فَ   mukadder şartın cevabının başına gelen rabıta veya fasiha harfidir. Takdiri;  إذا أردت الخلاص من قومك فأسر بأهلك (Kavminden kurtulmak istiyorsan ehlinle beraber geceleyin çık) şeklindedir.

اَسْرِ  illet harfinin hazfi ile mebni emir fiildir. Faili müstetir olup takdiri  أنت ‘dir.

بِاَهْلِكَ  car mecruru  اَسْرِ  fiiline müteallıktır. Muttasıl zamir  كَ  muzâfun ileyh olarak mahallen mecrurdur.  

بِقِطْعٍ  car  mecruru اَسْرِ  fiiline müteallıktır.  مِنَ الَّيْلِ  car mecruru  قِطْعٍ ‘ın mahzuf sıfatına müteallıktır.

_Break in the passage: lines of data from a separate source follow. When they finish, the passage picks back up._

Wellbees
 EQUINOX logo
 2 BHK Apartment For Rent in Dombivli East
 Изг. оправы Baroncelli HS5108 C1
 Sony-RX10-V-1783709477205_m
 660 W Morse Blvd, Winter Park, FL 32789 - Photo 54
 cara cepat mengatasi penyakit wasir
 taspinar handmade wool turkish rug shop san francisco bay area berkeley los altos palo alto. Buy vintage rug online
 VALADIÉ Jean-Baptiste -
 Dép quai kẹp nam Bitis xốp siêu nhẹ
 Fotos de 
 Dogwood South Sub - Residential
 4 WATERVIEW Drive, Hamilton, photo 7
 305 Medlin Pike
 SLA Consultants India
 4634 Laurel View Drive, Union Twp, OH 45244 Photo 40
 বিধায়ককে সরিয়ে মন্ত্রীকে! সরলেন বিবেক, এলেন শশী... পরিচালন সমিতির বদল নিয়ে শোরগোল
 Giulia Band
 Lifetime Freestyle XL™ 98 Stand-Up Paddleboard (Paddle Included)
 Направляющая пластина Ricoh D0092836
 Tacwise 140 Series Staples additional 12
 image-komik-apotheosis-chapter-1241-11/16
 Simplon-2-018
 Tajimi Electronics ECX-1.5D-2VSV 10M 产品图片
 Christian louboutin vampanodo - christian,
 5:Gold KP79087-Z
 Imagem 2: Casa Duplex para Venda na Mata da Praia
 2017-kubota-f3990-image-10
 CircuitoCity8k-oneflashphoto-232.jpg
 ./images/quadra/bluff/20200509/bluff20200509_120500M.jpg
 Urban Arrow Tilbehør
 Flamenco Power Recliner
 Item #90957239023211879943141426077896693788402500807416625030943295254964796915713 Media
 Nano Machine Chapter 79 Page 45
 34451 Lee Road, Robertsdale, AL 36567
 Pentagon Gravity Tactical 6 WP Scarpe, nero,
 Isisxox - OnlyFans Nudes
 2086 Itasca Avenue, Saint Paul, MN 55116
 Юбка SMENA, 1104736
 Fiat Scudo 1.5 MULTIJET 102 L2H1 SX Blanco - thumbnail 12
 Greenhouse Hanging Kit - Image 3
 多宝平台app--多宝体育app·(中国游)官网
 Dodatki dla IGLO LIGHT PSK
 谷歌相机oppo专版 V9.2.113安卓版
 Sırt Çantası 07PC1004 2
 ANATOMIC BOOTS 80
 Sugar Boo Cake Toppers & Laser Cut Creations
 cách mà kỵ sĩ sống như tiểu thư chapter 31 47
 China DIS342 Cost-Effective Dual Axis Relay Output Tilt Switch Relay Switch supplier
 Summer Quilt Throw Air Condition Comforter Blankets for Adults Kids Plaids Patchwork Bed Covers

وَ  atıf harfidir.  اتَّبِـعْ  sükun üzere mebni emir fiildir. Faili müstetir olup takdiri  أنت ‘dir.

اَدْبَارَهُمْ  mef’ûlun bih olup fetha ile mansubdur. Muttasıl zamir  هُمْ  muzâfun ileyh olarak mahallen mecrurdur.

وَ  atıf harfidir. لَا  nehiy harfi olup olumsuz emir manasındadır.  يَلْتَفِتْ  meczum muzari fiildir.

مِنْكُمْ  car mecruru  اَحَدٌ ‘un mahzuf haline müteallıktır.  اَحَدٌ  fail olup lafzen merfûdur.

وَامْضُوا حَيْثُ تُؤْمَرُونَ  cümlesi atıf harfi  وَ ‘la  لَا يَلْتَفِتْ ‘e matuftur.

امْضُوا  fiili  نَ ‘un hazfıyla mebni emir fiildir. Zamir olan çoğul و ’ı fail olup mahallen merfûdur.

حَيْثُ  mekân zarfı,  امْضُوا  fiiline müteallıktır.

حَيْثُ  mekân zarfıdır. Bu edat cümleye muzâf olur. Edattan sonraki cümle isim ve fiil cümlesi olabilir. Edat kendisinden önceki bir fiilin mekân zarfı yani mef‘ûlun fihidir. Sonu damme üzere mebni olduğundan mahallen mansubdur.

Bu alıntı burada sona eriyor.